Fannie Mae and AIG both struggling after federal takeover!
Firms report massive losses and cite shortcomings of
rescue.
WASHINGTON - November 11. 2008 -
Two months after the government began taking over ailing financial companies,
the two largest efforts have failed to go as planned, with the firms
complaining that federal officials set overly strict terms and took other
unhelpful rescue measures.
Fannie Mae yesterday reported a $29
billion loss for the three months that ended September 30 and warned that the
mission it was given by the government, to help revive the mortgage market,
could be compromised unless the Treasury Department takes new steps to support
the company. Fannie Mae chief executive Herbert M. Allison has approached the
Treasury about providing more help, but Treasury Secretary Henry M. Paulson Jr.

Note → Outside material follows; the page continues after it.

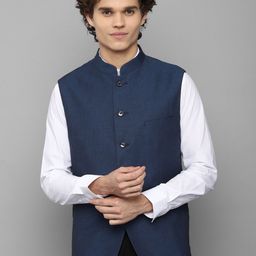 Allen Solly Woven Nehru Jackets-picture-45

has demurred, according to three sources familiar with the discussions.
Meanwhile, insurance giant American
International Group reported a $24.5 billion quarterly loss yesterday as the
government agreed to offer it a more generous lifeline in the form of a new,
$152 billion loan on easier terms. The government extended an $85 billion loan
to AIG in September followed by $38 billion more in October, but the company
has been eating away at it at an accelerating pace.

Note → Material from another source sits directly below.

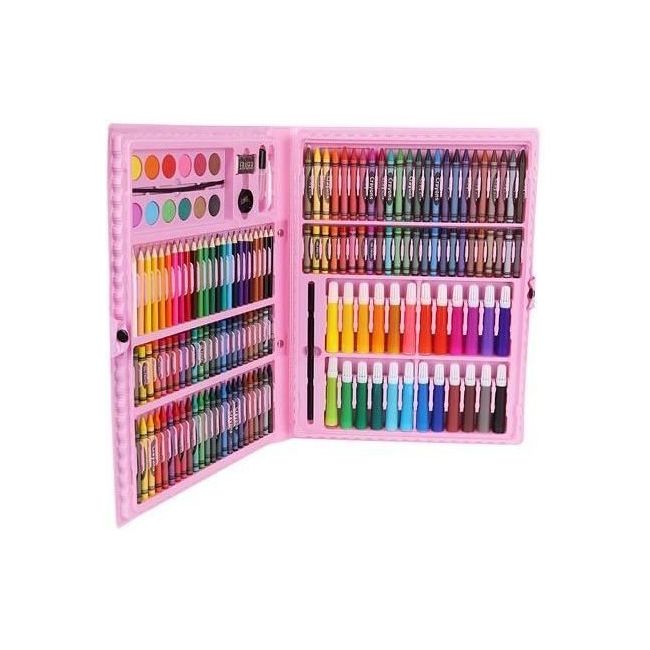 Set pentru pictura 168 piese cu geanta inclusa Iso Trade MY17250 BBJMY17250_Roz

The struggles of these two largely nationalized
companies underscore the government's difficulty in intervening in private
markets in a way that both protects taxpayers and ensures that the rescue
efforts succeed. The government's experience in addressing the financial
troubles at Fannie Mae and AIG offers a cautionary tale at a time when
Washington is debating whether to extend the federal umbrella to Detroit
automakers and other beleaguered firms. Before September, it had been a generation
since the government took over a private company out of concern that its
failure could endanger the U.S. economy.